Prime Minister John Howard yesterday told a meeting of MPs yesterday they would be given the conscience vote instead of being required to follow the party line. He also said lawmakers should agree with him to hold a vote next year or face the prospect of no vote at all.
Opposition and Australian Democrats say the debate and vote should take place in the week and a half remaining in the current session of parliament but a spokesman for Health Minister Tony Abbott said it would take place next year.
In 1996, the Australian government prohibited sales of the dangerous abortion drug, which has been responsible for the deaths of at least four American women, one in Canada and another in Sweden.

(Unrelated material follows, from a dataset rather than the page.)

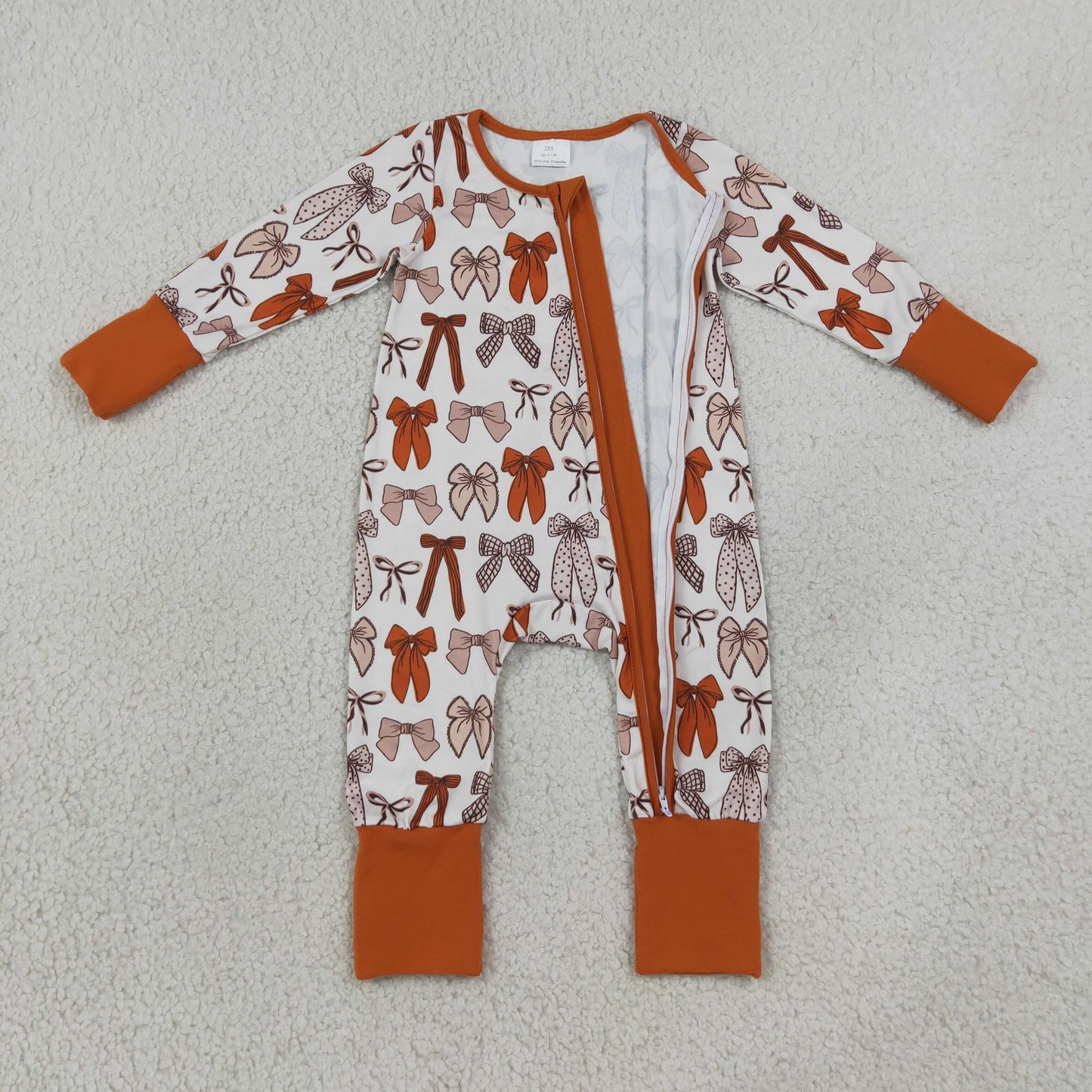 NEW RTS NO MOQ milk silk LR3158 Baby Girls Bows Plaid Fall Two Way Zip Convertible Rompers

Responsibility for the legalization of the abortion drug rests with Abbott, who has denied allowing its sale after advice from the nation’s chief doctor. But lawmakers in Parliament want to legalize it and have called for legislation to take the authority from Abbott and place it in the hands of the legislature.
Abbot said he wouldn’t mind a vote about removing the authority but a vote on a second bill to legalize RU 486 should wait,
"Let the TGA Bill go through before Christmas because it is, of itself, an uncontroversial Bill, and then in the new year we can deal with any Private Member’s Bill or any Democrats Bill that comes forward dealing with the RU-486 issue," Abbott told the Courier-Mail newspaper.
However, Democrats leader Lyn Allison said she would not withdraw her legislation and pressed for a vote now.
"We are very pleased that the Prime Minister has announced a conscience vote and so we would like to proceed on that basis," Senator Allison said.
To bring up a vote now, the Democrats would need the support of at least one Government party senator, but that’s not likely with Howard’s decision to have the vote next year. Government MPs are all expected to back their Prime Minister’s decision.